犯人隠避のようなそれ自体が罪証隠滅の事案について、親族との接見禁止を違法とした点は評価できるものの、長兄については違法で次兄らについて維持されるのはなぜか、次兄らについてはなぜ別途一部解除の請求をしなければならないのかという点については、理論的根拠が不明であり疑問の残る判断である。

福岡地決令和7年8月6日令和7年(む)1476号

大麻の単純所持で、第三者が被疑者の持ち物に大麻を混入させた疑いがあると弁解して否認していた事案である。
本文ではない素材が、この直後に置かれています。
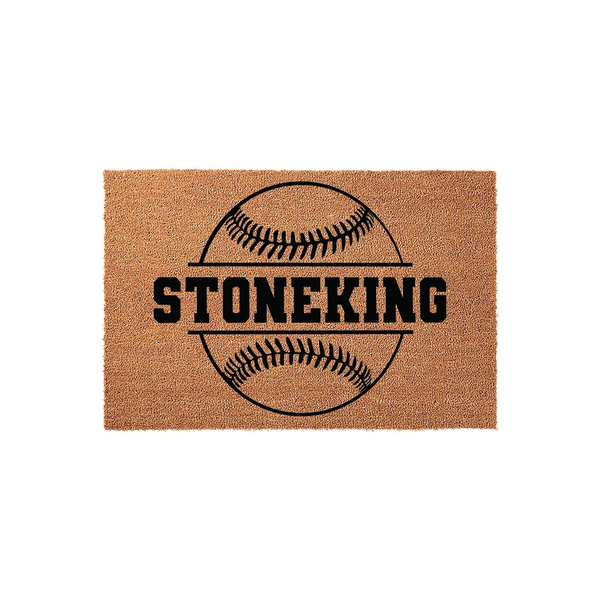 Personalized baseball doormat featuring a large black graphic of a baseball with a central horizontal line for a custom family name, set against a natural tan coir fiber background for a sporty and welcoming front porch entrance.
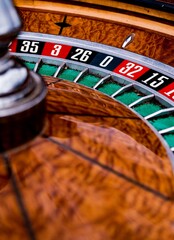 Vertical closeup of a roulette wheel in a casino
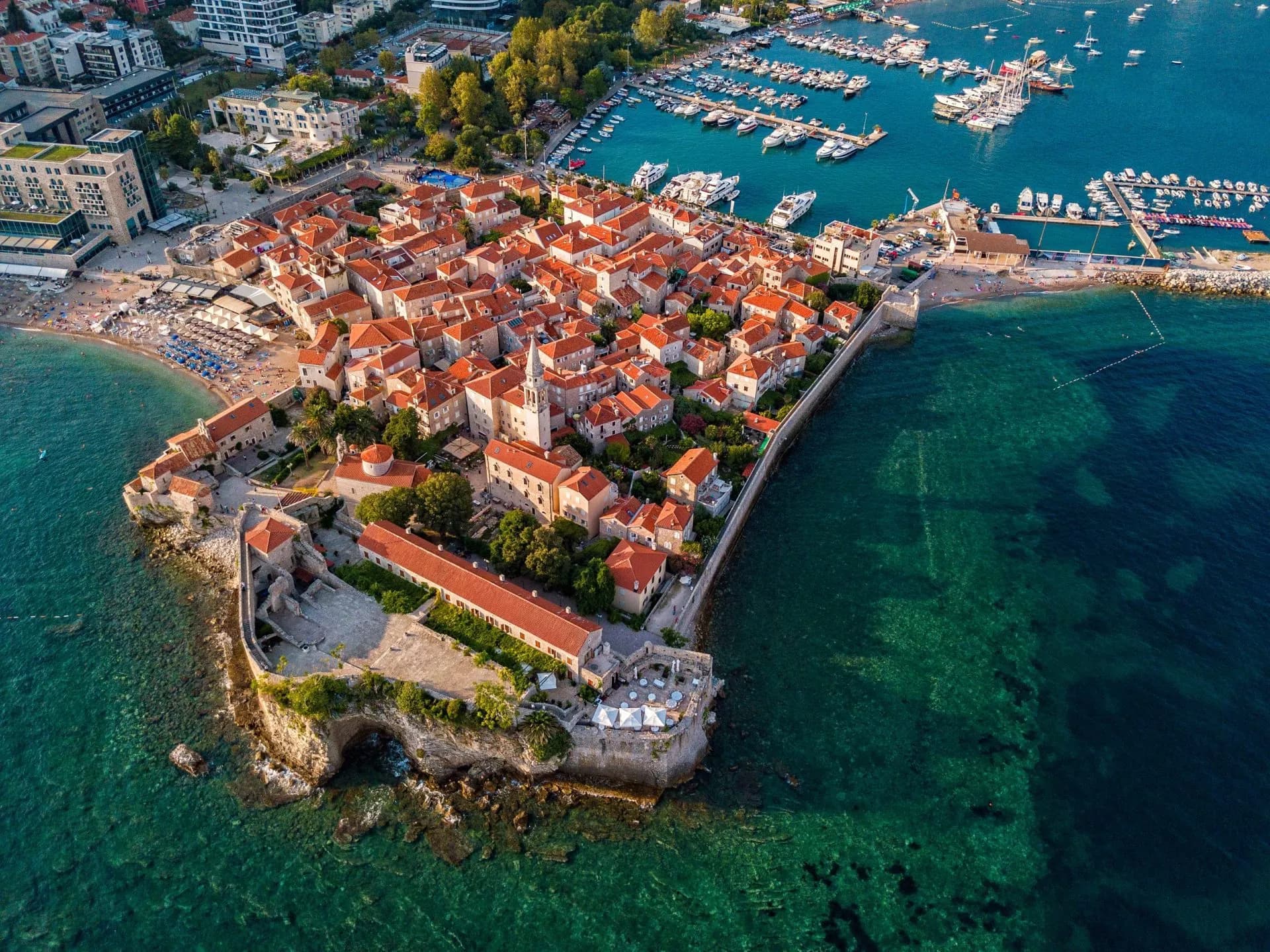 Aerial view of Budva, the old city (stari grad) of Budva, Montenegro. Jagged coast on the Adriatic Sea. Center of Montenegrin tourism, well-preserved medieval walled city, sandy beaches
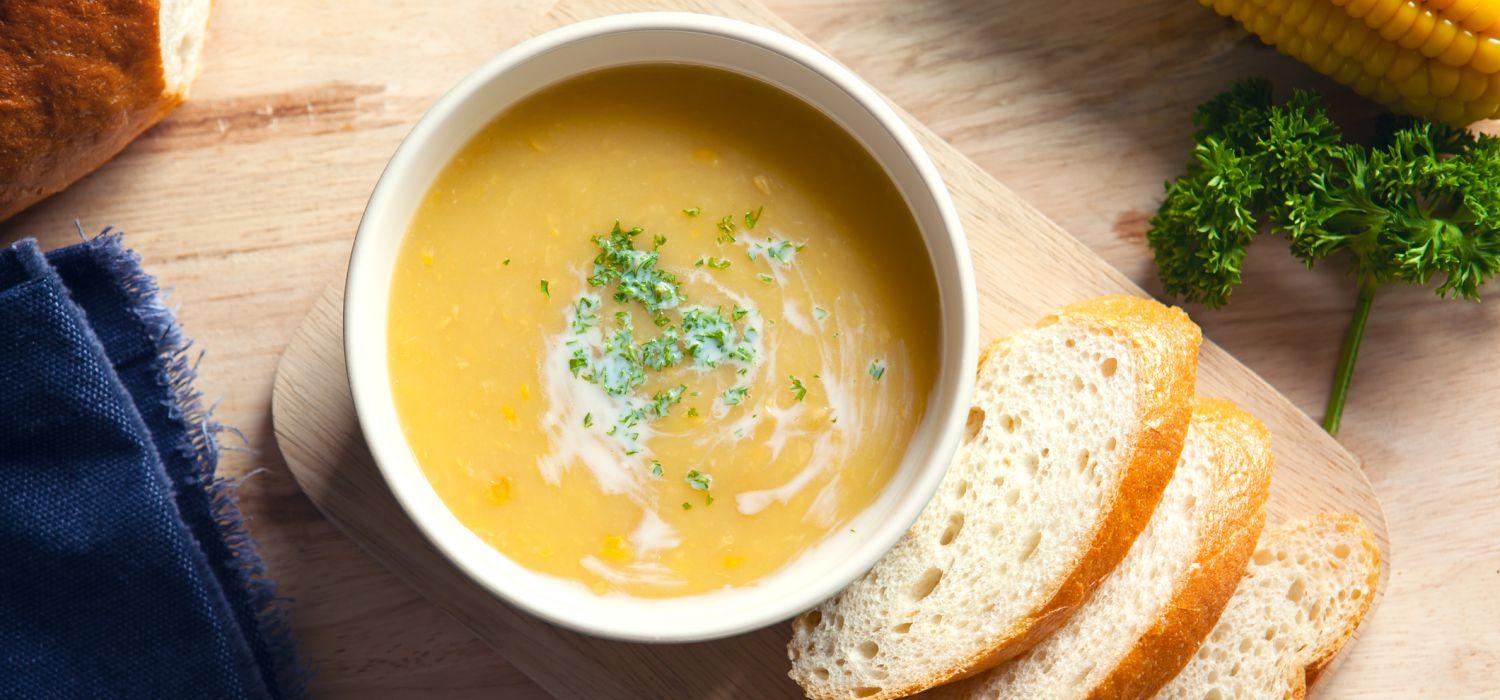 cream soup with bread on the side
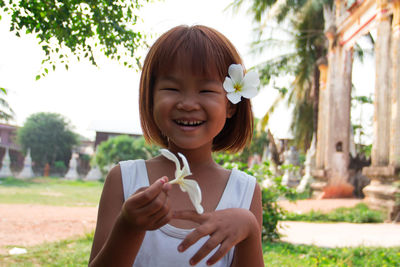 Portrait of smiling girl holding flowers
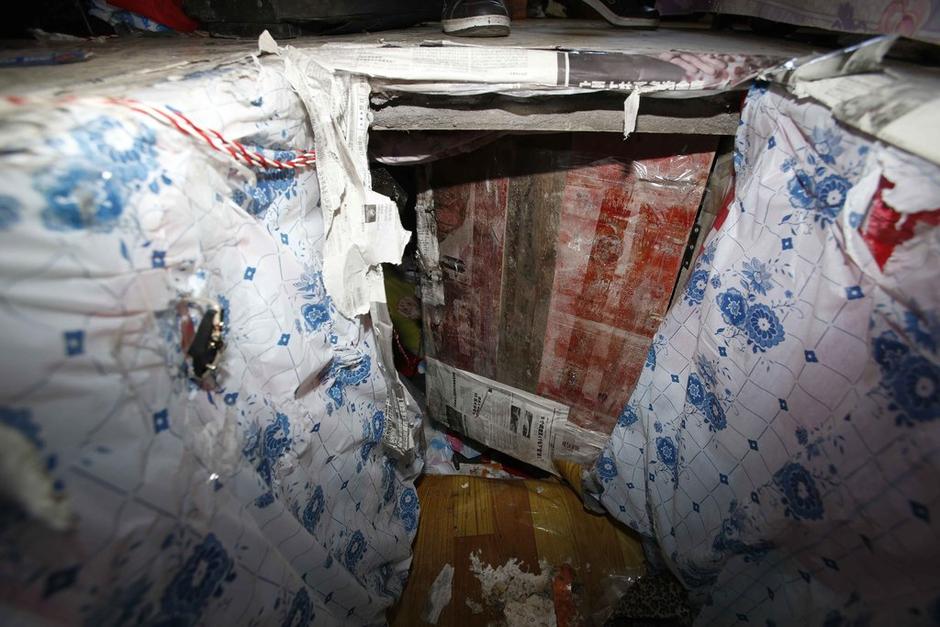 陳小龍?jiān)诔鲎馕萃?，自行又圍起一堵圍墻，安裝了一個(gè)門。圍墻上都是豎起的鐵釘，外面堆著土，鄰居猜是從地底挖出來(lái)的。洞口就在床邊，0.5米見(jiàn)方，深約1.5米。洞口表面一塊紙板掩蓋，打開紙板跳入洞底，是一扇小木門，木門外有插銷，可以從外面鎖上。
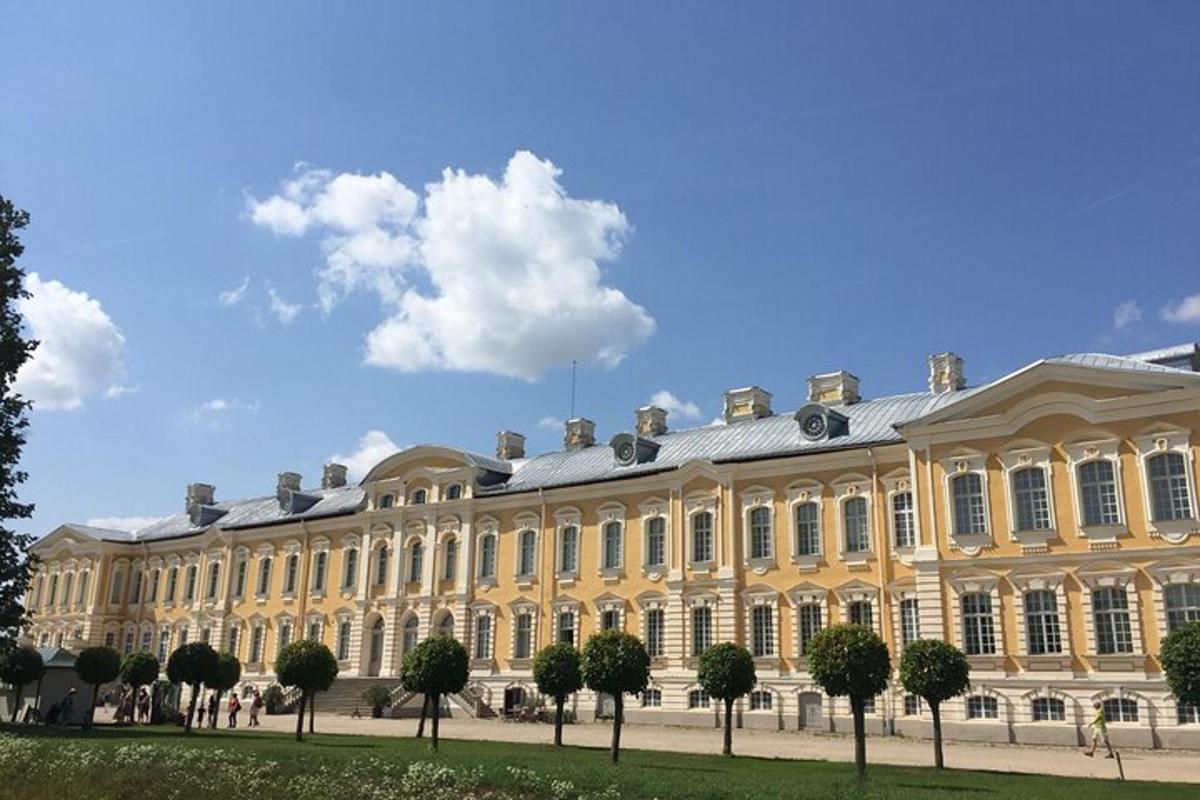 a large yellow building with trees in front of it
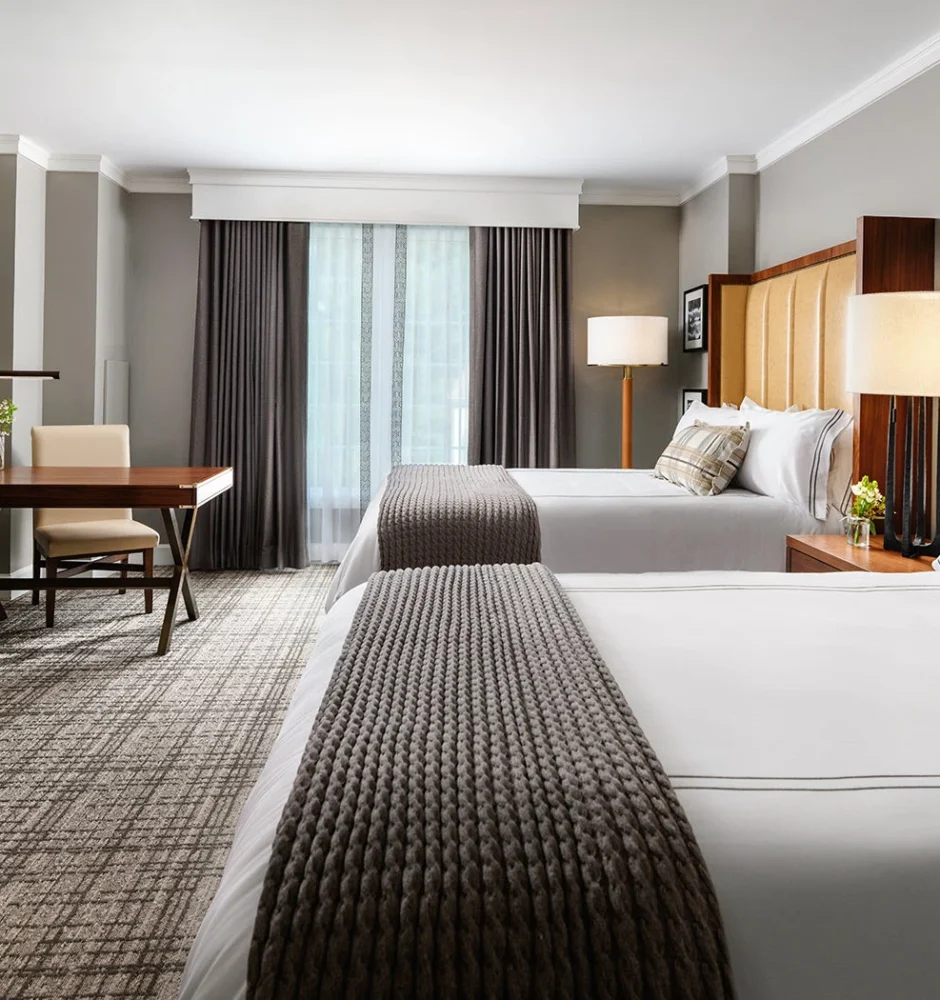 A hotel room with two beds, a desk, and a dresser.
弁護人の準抗告を受けた裁判所は、「本件事案の内容・性質、被疑者の弁解内容等に照らせば、被疑者が、上記自動車の運転席付近に置かれた財布内にチャック付きポリ袋入りの上記大麻が存在するに至った経緯や、自身と違法薬物との関係性等、罪体ないし重要な情状に関する事実について、関係者に働き掛けるなどして罪証を隠滅すると疑うに足りる相当な理由があり、被疑者の勾留に加えて、被疑者と刑訴法39条1項に規定する者以外の者(ただし被疑者の父母等を除く。)との間の接見等を禁止しなければ、このような罪証隠滅を防止できないと認められる。」としつつも、「本件が組織的な犯行であるとまではうかがわれないことや、被疑者に前科がないこと等の身上関係も考慮すると、被疑者の両親である別紙記載の者については、被疑者との接見等を通じて罪証隠滅に及ぶ具体的な危険があるとは認められないから、本件準抗告はその限度で理由がある。」として、両親との接見禁止を認めた部分については取り消した。なお少年事件の場合、原則的に両親など保護者については、はじめから接見禁止を付さないことが多いが、これは過去に親との接見禁止を付された少年が自殺を図るという事例があり、裁判官が反省したためだとされる(ただし出典不明)。